= He Jiuying =

Chinese phonologist

He Jiuying (何九盈 (Hé Jiǔyíng); born 1932 ) was a professor at Beijing University Department of Chinese and is an expert on historical Chinese phonology. His son is He Li.

==Biography==
He Jiuying was born in Anren, Hunan. He graduated from Beijing University in 1961 and then joined the faculty of Beijing University Department of Chinese.

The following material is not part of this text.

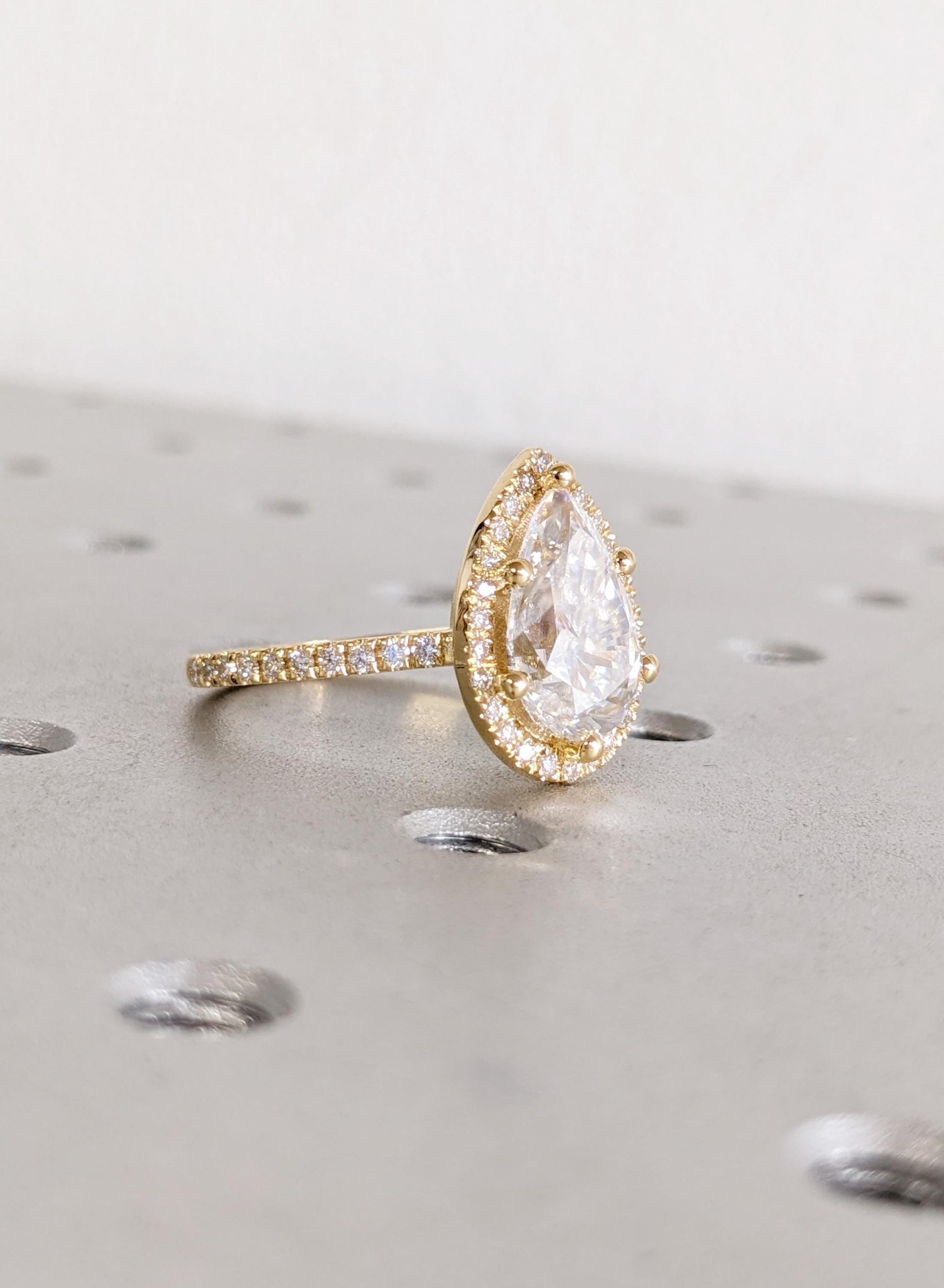 1.2 CT Round Solitaire Moissanite Engagement Ring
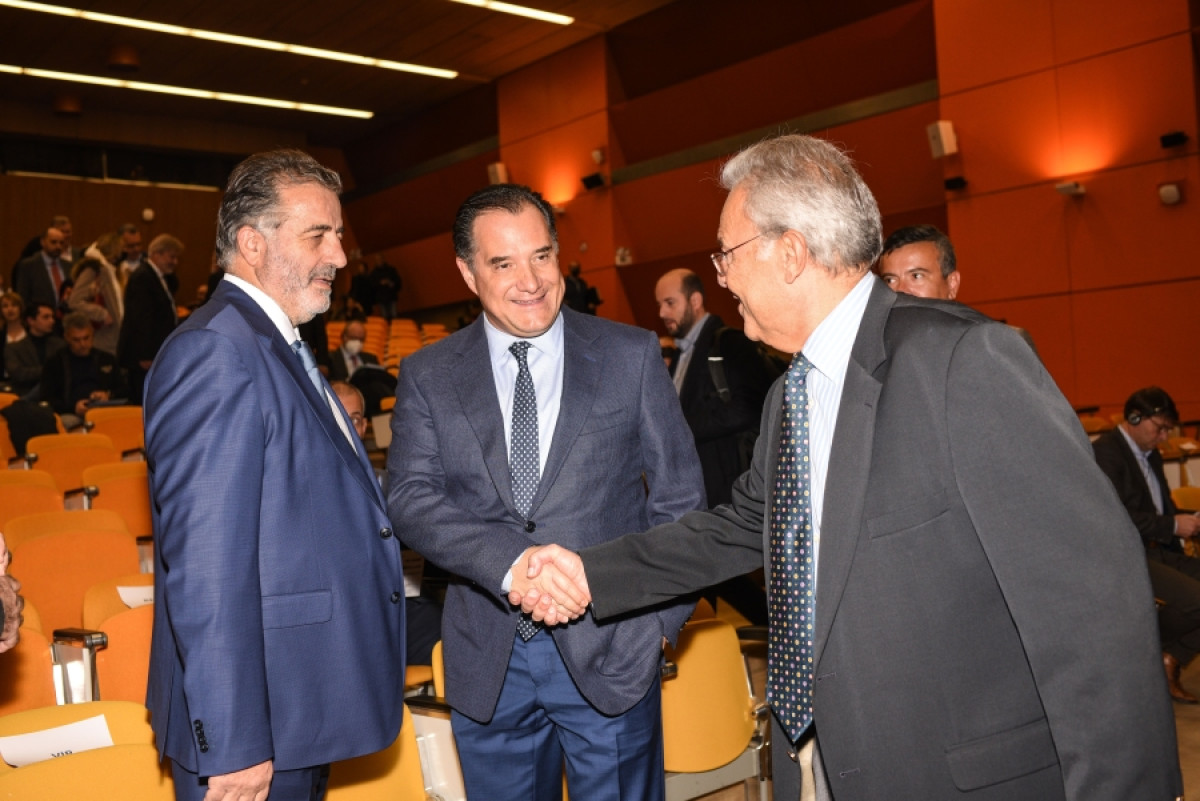Γεωργιάδης: Η προστασία του περιβάλλοντος συνδυάζεται με το πλαστικό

Professor He is a leading expert on ancient Chinese language. His published books include Gu Hanyu Yinyunxue Shuyao (古汉语音韵学述要), Shanggu Yin (上古音), and Zhongguo Gudai Yuyanxue Shi (中国古代语言学史).

==Selected publications==
- 1991: Historical Chinese Phonology (上古音), Commercial Press, ISBN 7-100-00072-6
- 1995: A History of Chinese Modern Linguistics, Guangdong Education Press, ISBN 7-5406-3399-9; A History of Chinese Ancient Linguistics, Guangdong Education Press, ISBN 7-5406-3400-6
- 2000: The Culture of Chinese Characters, Liaoning People's Press, ISBN 7-205-04500-2.
- 2006: Yuyan Conggao (语言丛稿), Commercial Press, ISBN 7-100-04577-0.